Constance Fenimore Woolson was an American Realist writer of renown in the 1870s-1890s, when she was one of the few women considered to be peers with their male counterparts. Woolson published five novels and dozens of short stories before her death in 1894 at age 54. But what she is best known for is her friendship with Henry James, whose literary fame has proved more enduring, and whose dramatic reaction to her death–drowning all her dresses in the Grand Canal–is the only thing most people know about her. The title of Anne Boyd Rioux’s comprehensive new biography of Woolson, Portrait of a Lady Novelist, nods to this relationship.
Rioux has also edited a collection of Woolson’s short fiction, Miss Grief. The two books are meant to elevate Woolson from her place as a footnote in history, and, indeed, people are talking about her. Interestingly enough, some of the conversation remains whether or not we ought to pay much attention to her at all: “Coming across [certain passages] you start to understand why Woolson’s advocates stake their arguments on her personality and independence more often than on excerpts from her prose,” writes one critic, who wonders whether Woolson’s fiction lived up to her own high standards.
Woolson’s work is very much a product of her time. Her poorly-funded nomadic existence (including her years as a European ex-pat with James and company) may have been difficult, but made for vibrant writing about place. Her characters tend to be explorers venturing into uncharted territories. She strove to write in a style that was “ugly and bitter, provided it was also strong,” as she wrote in an 1875 letter. Neill Matheson describes Woolson’s fiction, and especially her short story “Felipa,” as representative of the time. He also notes that she was groundbreaking, perhaps even shocking, in the way she wrote about love and sexuality.
As Matheson puts it, “scholars have noted her ambivalent representation of heterosexual love and her recurrent interest in figures of social marginality and isolation: ‘spinsters,’ foundlings, outcasts [… ] Her story ‘Felipa’ has been read as an important early expression of emergent ideas of sexual inversion.” In this story set in Florida, a native adolescent girl runs wild dressed in boys’ clothes and falls in love with a visiting couple, one of whom is a painter who tries to make a portrait of the child. Felipa witnesses the couple consummating their (heterosexual) love, and is so traumatized that she attempts suicide by eating the painter’s paint. Here is the work of a writer in control, using symbolism and refraction in ways that reveal a sophisticated mastery of the tools of her trade.

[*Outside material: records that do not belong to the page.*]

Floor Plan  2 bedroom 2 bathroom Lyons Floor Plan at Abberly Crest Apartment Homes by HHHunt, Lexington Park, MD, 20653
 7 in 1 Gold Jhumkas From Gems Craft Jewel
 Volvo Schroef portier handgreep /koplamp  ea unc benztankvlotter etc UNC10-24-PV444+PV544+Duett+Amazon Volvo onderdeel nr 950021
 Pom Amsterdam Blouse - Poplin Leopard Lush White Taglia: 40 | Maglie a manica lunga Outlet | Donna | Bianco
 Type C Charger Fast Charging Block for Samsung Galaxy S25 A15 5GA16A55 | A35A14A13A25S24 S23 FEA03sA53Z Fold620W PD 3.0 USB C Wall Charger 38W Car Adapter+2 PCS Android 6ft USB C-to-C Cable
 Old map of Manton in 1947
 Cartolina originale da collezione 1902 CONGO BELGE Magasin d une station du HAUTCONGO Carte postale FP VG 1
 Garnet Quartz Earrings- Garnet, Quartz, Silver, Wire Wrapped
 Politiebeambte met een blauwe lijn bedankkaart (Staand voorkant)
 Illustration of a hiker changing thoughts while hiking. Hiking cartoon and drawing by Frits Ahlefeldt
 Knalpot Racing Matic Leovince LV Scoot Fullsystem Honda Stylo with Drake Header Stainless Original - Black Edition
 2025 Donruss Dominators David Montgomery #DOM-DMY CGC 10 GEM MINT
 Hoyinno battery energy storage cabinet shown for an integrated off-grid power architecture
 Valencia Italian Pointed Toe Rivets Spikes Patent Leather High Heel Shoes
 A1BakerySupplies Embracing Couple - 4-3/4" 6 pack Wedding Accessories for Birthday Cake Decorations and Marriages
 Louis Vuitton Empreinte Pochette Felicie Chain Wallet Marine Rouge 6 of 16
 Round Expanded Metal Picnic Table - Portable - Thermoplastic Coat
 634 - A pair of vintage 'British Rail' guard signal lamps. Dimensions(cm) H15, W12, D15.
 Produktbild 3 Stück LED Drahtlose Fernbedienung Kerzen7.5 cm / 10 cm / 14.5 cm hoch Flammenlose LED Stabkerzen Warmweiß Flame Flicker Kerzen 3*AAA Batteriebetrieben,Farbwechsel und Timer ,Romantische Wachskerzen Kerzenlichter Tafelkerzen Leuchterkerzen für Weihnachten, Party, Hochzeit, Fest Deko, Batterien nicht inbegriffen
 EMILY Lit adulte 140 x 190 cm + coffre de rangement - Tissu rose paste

Matheson points out that not only is this a complex tale of non-heteronormative love, it is in dialogue with the era’s trends of comparative anthropology:
The story’s complex engagement with these broader cultural discourses becomes fully apparent only through close attention to the specific details and nuances of its language. ‘Felipa’ offers a subtle but relatively expansive literary exploration of the intersection between ethnography and nonnormative sexuality.
Meanwhile, Henry James, to whom Woolson’s writing is so often unfavorably compared, created characters like Isabel Archer, an independent-minded woman who was eventually punished for trying to elude patriarchal society.
We often find comfort in the belief that great writers don’t get forgotten, that the gold sifts up to the top, and that the overlooked scribblers were never scribbling much of import anyway. But in reexamining the complexities of Woolson’s life and work, we have to allow for that uncomfortable idea that circumstances–her childhood beset by tragedy, her serious struggles with depression, her lack of a home and financial support, her urge to write about uncomfortable, complex subjects, and probably, her being a woman–may have been what kept her from joining her friend Henry James in the American literary canon.